Ok it seems too much to cover.. anyway as posted in #2 already give you the algorithm.

You may try to do the following with your excel:

1. Transform the variable as follow: by taking log from the equation

\( y \triangleq \ln t_{0.5j}, x_1 \triangleq \ln S_{T_j}, x_2 \triangleq \frac {1} {8.31T_j} \)

2. Put the variables \( \mathbf{y} \) as a column vector.

Create a column vector \( \mathbf{1} \) match with your data size, along with the column vectors \( \mathbf{x}_1, \mathbf{x}_2 \). These 3 columns vectors combine to from the design matrix, \( \mathbf{X} \triangleq\begin{bmatrix} \mathbf{1} && \mathbf{x}_1 && \mathbf{x}_2 \end{bmatrix}\)

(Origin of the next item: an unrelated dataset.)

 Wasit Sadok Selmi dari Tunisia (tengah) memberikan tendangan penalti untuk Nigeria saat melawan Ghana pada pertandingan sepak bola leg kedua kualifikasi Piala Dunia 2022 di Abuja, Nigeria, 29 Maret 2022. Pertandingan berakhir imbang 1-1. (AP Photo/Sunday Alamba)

3. So for this multiple linear regression, \( y = \beta_0 + \beta_1 x_1 + \beta_2 x_2 + \epsilon \)

the least square estimate is given by

\( \begin{bmatrix} \hat{\beta}_0 \\ \hat{\beta}_1 \\ \hat{\beta}_2 \end{bmatrix}= (\mathbf{X}^T\mathbf{X})^{-1}\mathbf{X}^T\mathbf{Y} \)

The transpose and matrix inverse function is readily available in Excel.

If you want to understand why this is the solution, just need to do differentiation and solve the system of linear equations.

4. Transform the obtained estimates \( \hat{\beta}_0, \hat{\beta}_1, \hat{\beta}_2\) to \( \hat{A}_1, \hat{A}_2, \hat{A}_3 \)

You just need to write \( A_1, A_2, A_3 \) as the subjects, matching the transformation in equation 1.

I think the steps are quite clear now, and thats what I can help.

Of course this step just help you to do the regression manually in excel. If you understand everything, actually many statistical software, even in excel has built-in function for regression.